Doch wie kann man dieses Ziel erreichen? Hier die Vorschläge des Konzepts:

  • Zum einen soll das Quartier besser als bisher an den Öffentlichen Nahverkehr angebunden werden, etwa mit neuen Haltestellen und einer Taktverdichtung sowie den geplanten Bau einer Ringzughaltestelle in der Richthofenstraße.
  • Das Fahrradfahren soll attraktiv gemacht werden: Durch die Einbindung in ein Radwegenetz und durch zahlreiche gesicherte Fahrrad-Stellplätze im Quartier. Hier wären bis zu 2050 Stellplätze in diebstahlsicheren, witterungsgeschützen Boxen mit Lademöglichkeiten für E-Bikes sowie an Fahrradbügeln möglich, die ebenerdig zwischen Haustür und Straße platziert werden.
  • Durch die Einrichtung einer „Mobilitätsstation“ im Quartier, in der die Bewohner Fahrräder, E-Bikes, Lastenräder, E-Tretroller oder Autos (“Car Sharing“) ausleihen können, ließe sich der Stellplatzschlüssel weiter senken. Im Quartier Oberer Brühl könnte dieser Schlüssel von 1,2 Autos pro Haushalt durch die Einrichtung einer „Mobilitätsstation“, so der Vorschlag des Konzepts, auf 0,7 abgesenkt werden. Nach diesem Rechenexempel ließe sich die Zahl von 958 Stellplätzen für Anwohner, Mitarbeiter der Stadt und Besucher auf 648 absenken. Das ergäbe eine enorme Platz- und Kostenersparnis.
  • Verkehrsvermeidung: Für Besucher und Zulieferer sollen Parkplätze an der Kirnacher Straße geschaffen werden. Damit können öffentliche Gebäude des Quartiers wie der Kindergarten, das Standesamt oder die Musikakademie einfach erreicht werden, ohne in das Quartier einzufahren.

„Hellauf begeistert“

Das Konzept stieß auf viel Zustimmung, bei den Grünen sogar auf Euphorie. „Die ganze Fraktion ist hellauf begeistert“, schwärmte Fraktionsvize Ulrike Salat. Das Konzept sei „mutig, zukunftsweisend und zeigt, dass wir in VS nach vorne schauen.“ Zustimmung kam auch von Dirk Gläschig (Freie Wähler): „Das gefällt mir sehr gut. Wichtig ist, dass die Fahrzeuge sichtbar aus dem Quartier draußen bleiben.“ Bernd Lohmiller (SPD) würdigte das Konzept ebenfalls als „sehr zukunftsorientierte Lösung“.

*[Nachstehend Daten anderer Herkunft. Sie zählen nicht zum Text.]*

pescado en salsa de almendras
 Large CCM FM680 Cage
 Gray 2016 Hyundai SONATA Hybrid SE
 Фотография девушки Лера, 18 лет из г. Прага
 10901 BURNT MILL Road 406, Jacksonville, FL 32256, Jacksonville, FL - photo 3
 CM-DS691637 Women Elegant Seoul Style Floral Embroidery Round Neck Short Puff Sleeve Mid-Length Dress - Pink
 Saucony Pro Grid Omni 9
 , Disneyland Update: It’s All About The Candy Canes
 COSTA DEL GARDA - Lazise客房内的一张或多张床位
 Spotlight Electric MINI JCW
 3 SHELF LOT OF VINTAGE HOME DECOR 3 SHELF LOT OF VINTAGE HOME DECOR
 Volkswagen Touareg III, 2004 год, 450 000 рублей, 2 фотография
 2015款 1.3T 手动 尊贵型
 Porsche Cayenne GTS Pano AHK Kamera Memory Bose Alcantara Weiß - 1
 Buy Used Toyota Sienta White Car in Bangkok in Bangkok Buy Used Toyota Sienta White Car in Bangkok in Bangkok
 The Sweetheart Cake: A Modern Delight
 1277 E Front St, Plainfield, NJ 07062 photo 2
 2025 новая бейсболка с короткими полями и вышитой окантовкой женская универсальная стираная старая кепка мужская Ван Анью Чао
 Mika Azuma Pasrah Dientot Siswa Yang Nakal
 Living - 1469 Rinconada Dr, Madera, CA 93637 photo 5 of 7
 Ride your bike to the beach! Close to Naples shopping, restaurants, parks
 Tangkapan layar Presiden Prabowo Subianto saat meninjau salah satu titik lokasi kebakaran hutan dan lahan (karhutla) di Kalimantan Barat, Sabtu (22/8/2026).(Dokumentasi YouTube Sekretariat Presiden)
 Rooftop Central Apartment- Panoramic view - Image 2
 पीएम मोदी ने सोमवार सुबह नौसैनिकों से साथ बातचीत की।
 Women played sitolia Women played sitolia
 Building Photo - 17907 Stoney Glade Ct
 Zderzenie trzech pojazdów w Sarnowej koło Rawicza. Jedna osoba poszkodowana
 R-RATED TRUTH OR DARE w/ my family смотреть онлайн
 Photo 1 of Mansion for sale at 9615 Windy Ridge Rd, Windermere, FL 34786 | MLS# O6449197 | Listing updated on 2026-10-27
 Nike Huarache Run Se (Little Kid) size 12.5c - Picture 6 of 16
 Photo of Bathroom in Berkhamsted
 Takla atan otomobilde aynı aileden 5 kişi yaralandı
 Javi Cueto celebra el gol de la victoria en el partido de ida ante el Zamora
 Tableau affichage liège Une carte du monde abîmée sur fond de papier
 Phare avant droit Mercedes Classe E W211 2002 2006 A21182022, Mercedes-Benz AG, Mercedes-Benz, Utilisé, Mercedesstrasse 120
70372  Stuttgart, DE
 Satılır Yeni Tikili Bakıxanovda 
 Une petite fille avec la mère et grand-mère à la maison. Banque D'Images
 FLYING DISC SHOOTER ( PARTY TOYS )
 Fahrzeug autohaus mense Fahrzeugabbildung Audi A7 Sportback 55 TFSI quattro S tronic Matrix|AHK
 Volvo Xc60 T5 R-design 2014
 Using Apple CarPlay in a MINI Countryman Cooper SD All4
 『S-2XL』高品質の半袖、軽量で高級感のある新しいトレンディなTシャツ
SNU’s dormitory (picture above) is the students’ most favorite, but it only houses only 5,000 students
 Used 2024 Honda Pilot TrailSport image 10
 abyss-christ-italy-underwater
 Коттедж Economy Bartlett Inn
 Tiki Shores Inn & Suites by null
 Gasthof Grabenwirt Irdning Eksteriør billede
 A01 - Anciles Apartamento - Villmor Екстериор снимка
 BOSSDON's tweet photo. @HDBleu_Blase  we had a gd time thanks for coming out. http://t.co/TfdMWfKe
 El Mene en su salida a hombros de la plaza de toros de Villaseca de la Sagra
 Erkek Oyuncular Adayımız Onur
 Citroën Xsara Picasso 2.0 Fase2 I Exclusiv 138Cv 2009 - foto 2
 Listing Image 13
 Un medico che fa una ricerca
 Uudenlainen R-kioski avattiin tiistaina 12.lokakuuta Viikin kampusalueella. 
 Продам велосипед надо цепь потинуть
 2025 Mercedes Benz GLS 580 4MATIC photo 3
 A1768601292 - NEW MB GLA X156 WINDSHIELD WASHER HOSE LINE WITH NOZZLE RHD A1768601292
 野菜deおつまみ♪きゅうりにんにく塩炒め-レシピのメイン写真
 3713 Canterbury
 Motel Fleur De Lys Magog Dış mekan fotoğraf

Auch Dietmar Wildi (CDU) fand die Vorlage „klasse“, warnte aber, wie seine Fraktionskollegin Gudrun Furtwängler, vor einer zu starken Absenkung des Stellplatzschlüssels. Sonst drohe Ärger, weil die Parkplatzsuche in die angrenzenden Wohngebiete verlagert werde. Olaf Barth (AfD) kanzelte das Konzept als „Ausdruck grüner Mythologie und Ideologie“ ab. Villingen sei keine Großstadt, sondern ländlicher Raum, hier benötigten viele Haushalte mehrere Autos.

Am Ende befürwortete der Ausschuss mehrheitlich, bei einer Gegenstimme und fünf Enthaltung, das Konzept. Nächste Woche entscheidet der Gemeinderat darüber.

Das Quartier Oberer Brühl

Beim Quartier „Oberer Brühl“ handelt es sich um das sieben Hektar große ehemalige französische Kasernengelände „Mangin“ zwischen Kirnacher-, Vöhrenbacher-, Pontarlier- und Waldstraße. Es soll bis 2026 ein ökologisches Wohn- und Verwaltungsquartier werden. Geplant sind 683 neue Mietwohnungen und der Umbau zweier Kasernengebäude für ein neues Stadtarchiv und einen städtischen Verwaltungstrakt. Dazu sollen weitere Gemeinbedarfseinrichtungen geschaffen werden wie ein Kindergarten, ein Quartierszentrum oder die Musikakademie.